== Segment start ==
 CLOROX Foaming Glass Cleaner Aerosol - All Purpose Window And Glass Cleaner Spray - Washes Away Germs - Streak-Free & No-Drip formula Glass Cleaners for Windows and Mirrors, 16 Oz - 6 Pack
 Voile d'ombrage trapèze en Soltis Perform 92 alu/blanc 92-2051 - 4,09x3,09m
== Segment end ==
== Segment start ==
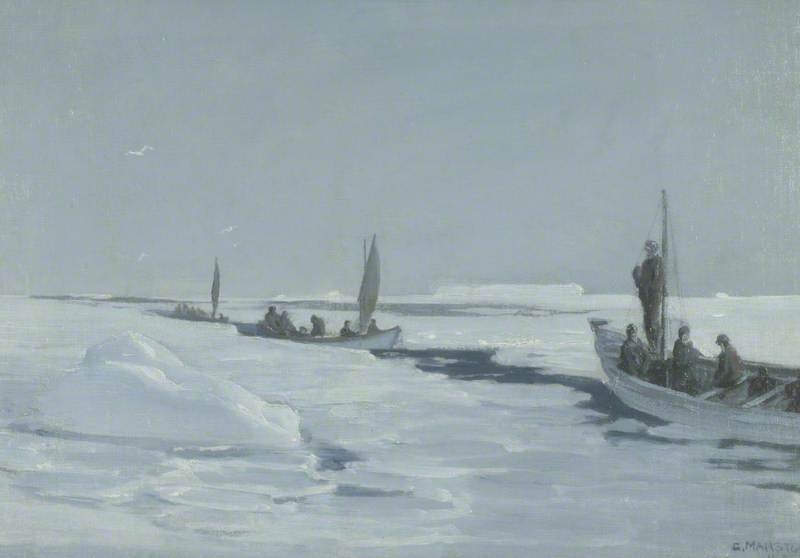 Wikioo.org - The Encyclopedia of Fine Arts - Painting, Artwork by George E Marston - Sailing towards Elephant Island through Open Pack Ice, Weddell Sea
== Segment end ==
Your objective
Everything from the line containing "CLOROX Foaming Glass" through the line containing "Voile d'ombrage trapèze" in the material above should be retyped exactly, both ends included, and nothing more.

Response below
 CLOROX Foaming Glass Cleaner Aerosol - All Purpose Window And Glass Cleaner Spray - Washes Away Germs - Streak-Free & No-Drip formula Glass Cleaners for Windows and Mirrors, 16 Oz - 6 Pack
 Voile d'ombrage trapèze en Soltis Perform 92 alu/blanc 92-2051 - 4,09x3,09m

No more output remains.